LavenderDataLoader - Data Parallelism

For data parallelism, you can set the rank parameter to specify the rank of the node. The server will see the world_size and rank parameters to determine whether to create a new iteration or return an existing one. By this way the iteration object will be shared among all the ranks.

dataloader = LavenderDataLoader(
dataset_id=dataset.id,
shardsets=[shardset.id],
rank=os.environ["RANK"],
world_size=os.environ["WORLD_SIZE"],
)
retrieved = list(dataloader)
len(retrieved) # len(dataset) // world_size

Dynamic World Size

If you don’t know the world size beforehand, you can set the wait_participant_threshold parameter. This will wait for wait_participant_threshold seconds for other nodes to join the iteration. If some nodes join after the threshold, a new iteration will be created for them.

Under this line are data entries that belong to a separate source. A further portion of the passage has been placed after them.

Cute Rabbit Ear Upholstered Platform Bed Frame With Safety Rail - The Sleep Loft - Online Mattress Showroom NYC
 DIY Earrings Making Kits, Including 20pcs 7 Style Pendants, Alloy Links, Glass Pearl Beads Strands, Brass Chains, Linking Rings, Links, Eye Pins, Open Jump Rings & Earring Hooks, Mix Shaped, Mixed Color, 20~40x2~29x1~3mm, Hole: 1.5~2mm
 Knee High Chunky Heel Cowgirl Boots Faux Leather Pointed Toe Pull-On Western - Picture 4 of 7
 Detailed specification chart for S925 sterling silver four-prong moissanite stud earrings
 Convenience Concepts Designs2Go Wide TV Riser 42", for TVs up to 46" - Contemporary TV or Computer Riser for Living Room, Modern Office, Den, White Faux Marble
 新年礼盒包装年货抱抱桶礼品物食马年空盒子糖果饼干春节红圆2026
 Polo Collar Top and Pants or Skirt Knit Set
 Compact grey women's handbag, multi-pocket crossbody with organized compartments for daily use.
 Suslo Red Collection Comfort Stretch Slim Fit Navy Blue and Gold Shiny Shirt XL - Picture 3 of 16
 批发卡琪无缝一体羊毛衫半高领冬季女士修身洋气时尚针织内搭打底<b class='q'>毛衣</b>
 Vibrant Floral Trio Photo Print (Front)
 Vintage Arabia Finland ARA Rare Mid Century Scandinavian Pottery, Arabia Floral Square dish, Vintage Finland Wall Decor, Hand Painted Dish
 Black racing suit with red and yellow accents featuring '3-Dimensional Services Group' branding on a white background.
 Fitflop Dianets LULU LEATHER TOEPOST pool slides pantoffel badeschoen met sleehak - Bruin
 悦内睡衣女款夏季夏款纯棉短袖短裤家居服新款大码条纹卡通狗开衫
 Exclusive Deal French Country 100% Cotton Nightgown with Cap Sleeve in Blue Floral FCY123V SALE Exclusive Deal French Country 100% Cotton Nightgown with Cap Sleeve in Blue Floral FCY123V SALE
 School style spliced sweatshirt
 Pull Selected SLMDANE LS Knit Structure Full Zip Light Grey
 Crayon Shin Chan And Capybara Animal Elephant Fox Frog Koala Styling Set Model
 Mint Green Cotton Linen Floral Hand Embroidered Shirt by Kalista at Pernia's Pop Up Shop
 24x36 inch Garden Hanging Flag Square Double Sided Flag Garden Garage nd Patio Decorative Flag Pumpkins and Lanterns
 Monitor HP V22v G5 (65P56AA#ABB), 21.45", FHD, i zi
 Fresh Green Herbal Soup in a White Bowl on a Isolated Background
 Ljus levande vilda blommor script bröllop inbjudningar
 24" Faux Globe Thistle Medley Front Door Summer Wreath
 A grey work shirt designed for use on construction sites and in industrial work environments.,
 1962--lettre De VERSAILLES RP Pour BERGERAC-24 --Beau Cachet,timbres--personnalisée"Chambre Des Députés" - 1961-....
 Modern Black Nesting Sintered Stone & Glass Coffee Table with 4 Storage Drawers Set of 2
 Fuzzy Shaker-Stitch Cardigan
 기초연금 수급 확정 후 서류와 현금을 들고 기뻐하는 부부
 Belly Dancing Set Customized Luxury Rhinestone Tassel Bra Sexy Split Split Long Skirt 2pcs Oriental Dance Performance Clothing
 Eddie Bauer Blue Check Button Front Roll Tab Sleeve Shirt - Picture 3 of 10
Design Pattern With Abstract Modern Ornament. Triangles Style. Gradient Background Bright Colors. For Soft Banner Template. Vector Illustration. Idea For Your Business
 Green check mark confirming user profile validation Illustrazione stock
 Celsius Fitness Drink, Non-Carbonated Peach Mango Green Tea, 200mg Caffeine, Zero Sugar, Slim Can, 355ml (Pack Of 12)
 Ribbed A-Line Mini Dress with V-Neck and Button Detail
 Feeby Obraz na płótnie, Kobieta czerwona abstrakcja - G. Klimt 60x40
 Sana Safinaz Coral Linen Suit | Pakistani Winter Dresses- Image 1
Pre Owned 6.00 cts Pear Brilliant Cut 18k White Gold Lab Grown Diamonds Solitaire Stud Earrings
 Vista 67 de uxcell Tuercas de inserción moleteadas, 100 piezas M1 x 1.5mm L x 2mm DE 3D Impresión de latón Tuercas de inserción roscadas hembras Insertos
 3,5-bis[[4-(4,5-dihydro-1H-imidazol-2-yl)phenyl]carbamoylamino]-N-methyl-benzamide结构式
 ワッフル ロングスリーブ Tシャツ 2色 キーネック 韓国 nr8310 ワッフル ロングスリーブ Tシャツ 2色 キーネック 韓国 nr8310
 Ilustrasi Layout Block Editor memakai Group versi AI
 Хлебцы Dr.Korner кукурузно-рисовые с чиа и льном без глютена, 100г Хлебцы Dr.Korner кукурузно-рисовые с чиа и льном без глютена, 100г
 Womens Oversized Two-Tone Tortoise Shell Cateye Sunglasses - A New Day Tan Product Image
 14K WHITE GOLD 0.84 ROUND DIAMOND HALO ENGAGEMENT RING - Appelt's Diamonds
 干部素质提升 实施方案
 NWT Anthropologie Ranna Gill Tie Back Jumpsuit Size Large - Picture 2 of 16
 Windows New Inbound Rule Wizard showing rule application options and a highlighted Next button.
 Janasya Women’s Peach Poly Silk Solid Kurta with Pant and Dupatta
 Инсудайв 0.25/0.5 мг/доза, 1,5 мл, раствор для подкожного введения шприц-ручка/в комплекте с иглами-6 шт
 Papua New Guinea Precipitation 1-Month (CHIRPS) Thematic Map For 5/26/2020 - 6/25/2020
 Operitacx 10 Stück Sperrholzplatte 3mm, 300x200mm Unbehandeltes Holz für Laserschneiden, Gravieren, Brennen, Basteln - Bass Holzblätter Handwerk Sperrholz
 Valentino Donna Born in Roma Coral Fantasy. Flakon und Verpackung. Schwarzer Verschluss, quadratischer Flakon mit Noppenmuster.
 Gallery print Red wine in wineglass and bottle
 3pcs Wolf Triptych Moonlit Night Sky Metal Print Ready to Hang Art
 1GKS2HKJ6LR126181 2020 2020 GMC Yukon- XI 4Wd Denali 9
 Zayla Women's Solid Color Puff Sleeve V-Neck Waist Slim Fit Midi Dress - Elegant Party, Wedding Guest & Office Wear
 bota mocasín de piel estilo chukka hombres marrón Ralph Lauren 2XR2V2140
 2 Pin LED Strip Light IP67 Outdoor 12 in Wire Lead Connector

dataloader = LavenderDataLoader(
dataset_id=dataset.id,
shardsets=[shardset.id],
rank=os.environ["RANK"],
wait_participant_threshold=10,
)

Replication PG

For context parallelism, you can set the replication_pg parameter. It is a list of list of integers, where each inner list is a partition of the ranks. For example, [[0, 1], [2, 3]] means that rank 0 and 1 are in the first partition, and rank 2 and 3 are in the second partition. Within each partition, the ranks get the same samples.

dataloader = LavenderDataLoader(
dataset_id=dataset.id,
shardsets=[shardset.id],
rank=os.environ["RANK"],
replication_pg=[[0, 1], [2, 3]],
)